The state of Missouri contends the former St. Louis Rams owe hundreds of thousands of dollars in taxes.

Supreme Court of Missouri, Photo courtesy of Missouri Supreme Court

The Missouri Supreme Court heard arguments Wednesday morning in a dispute between the state Department of Revenue and the team, which relocated last year to Los Angeles.  At issue are sales taxes.

The city of St.
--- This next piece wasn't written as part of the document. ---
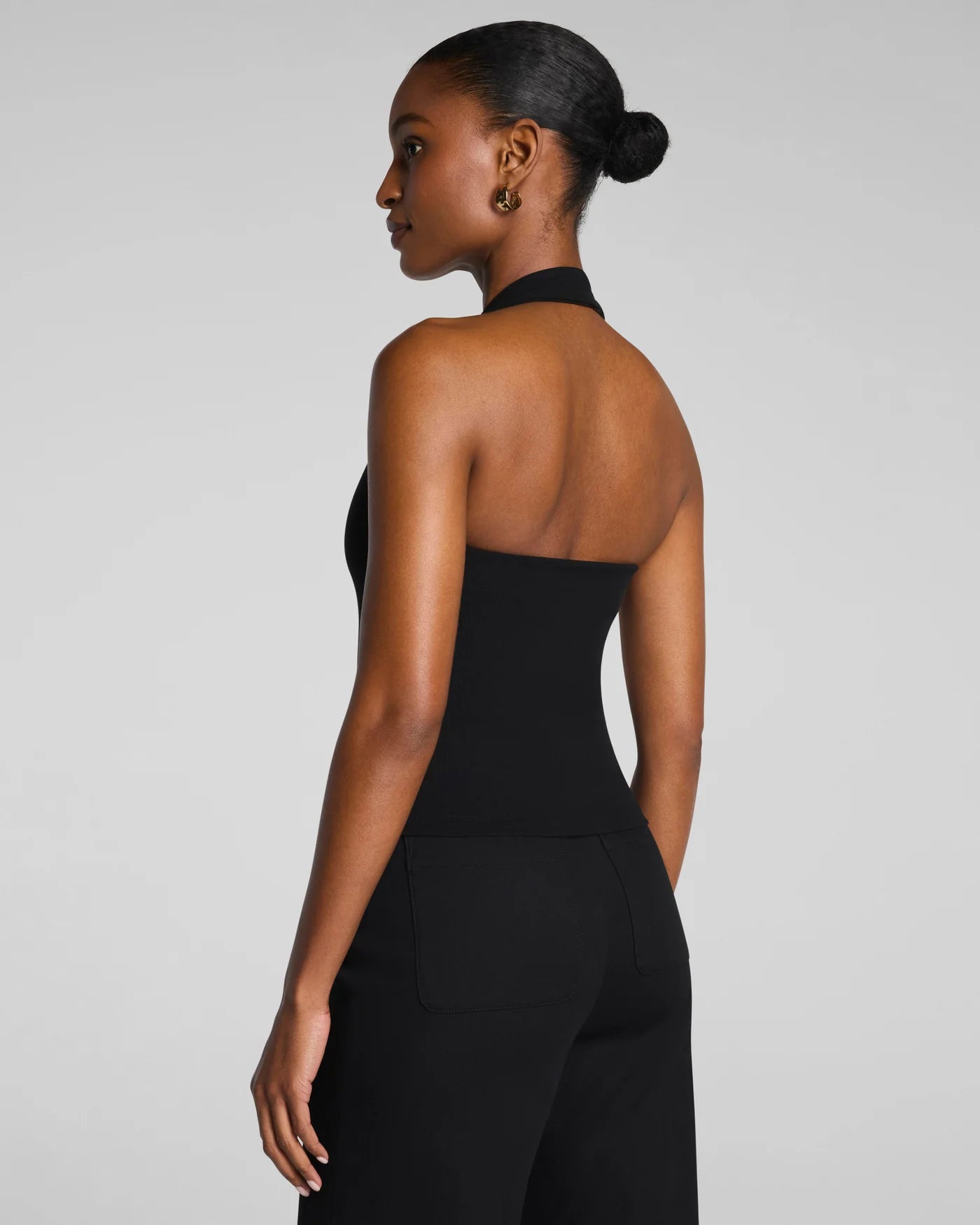 SPANX® Ribbed Knit Halter Tank - Classic Black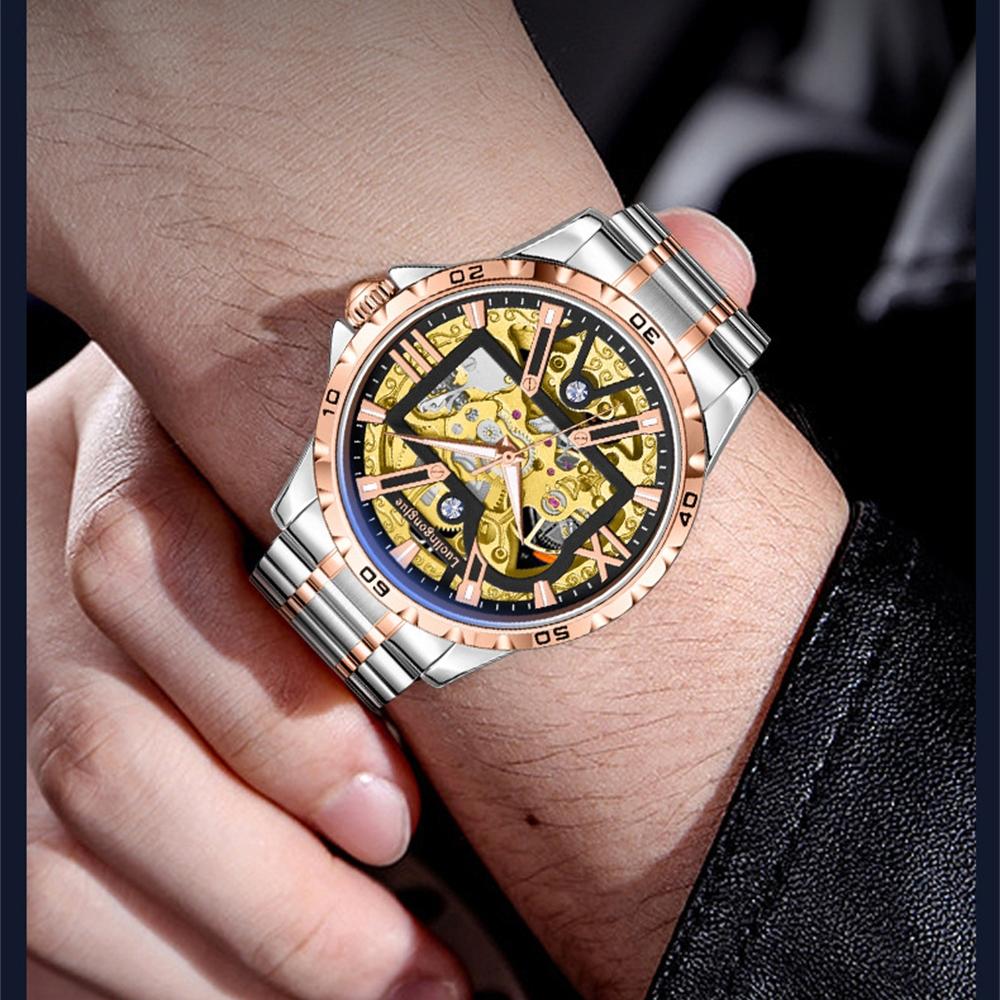 Новые Роскошные Скелетон Автоматические Механические Часы для Мужчин Светящиеся Стрелки Ремешок из Нержавеющей Стали Ретро Деловые Часы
Louis imposes a five percent entertainment license tax on admission charges to sporting events.  The Rams included this tax, as well as state sales taxes associated with it, in the price of tickets it sold.  It continued this practice for three years, before changing policy.

Over the next three years, the team did not collect or remit state sales taxes associated with the city’s 5% license tax and reduced the amount of sales it reported by five percent.

After an audit, the Department of Revenue determined that the Rams should have collected and remitted the sales taxes tied to the city tax and assessed the team $352,000 for not doing so.

The Rams then sought a refund of $401,000 on the sales taxes it had paid during the first three years and challenged the Revenue Department’s assessment.

Such litigation in Missouri is heard before the Administrative Hearing Commission instead a traditional court.  The commission sided with the Rams, concluding the team was subject to a refund, plus interest, and was not liable for the state sales tax on the five percent city license tax.

Assistant Attorney General Emily Dodge represented the state in its appeal of the commission’s decision Wednesday.  She said the Rams were subject to the tax because the team included the cost of the city’s tax into the price of tickets.

“However it may be set out on the receipt or the print-out that the customer receives, whether you look at it as an amount paid for admission or for seating accommodation, or whether, depending on how it’s printed out on the sheet, you look at that as a fee paid in a place of admission” said Dodge.  “This is clearly subject to sales tax.”

She further stated state law does not support the Rams claim that the city’s license tax is not subject to state sales taxes.  Dodge argued the price of the sales of tickets for admission to football games is subject to sales tax, and noted the Rams do not appear to dispute that the city tax was included in the ticket price.

Representing the team before the court Wednesday, Matthew Mock acknowledged the inclusion of the city tax in the ticket price.  He went on to note that state law stipulates taxes collected from a purchaser as tax, are not subject to the state sales tax.

“It was not for admission” said Mock.  “That’s not why it was paid, to use the term of the statute, ‘the amount paid’.  It was collected as tax and paid as tax by the purchaser.  And so it shouldn’t be included in the included in the sales tax base.”

Mock also contended the state erred in claiming the amount charged by the Rams for admission included the city tax.  He said the city tax is not a charge for admission, and by law is not subject to Missouri taxation, and argued the state’s case draws on the illegal practice of double taxation.

The Missouri Supreme Court will render a decision in the case at a later date.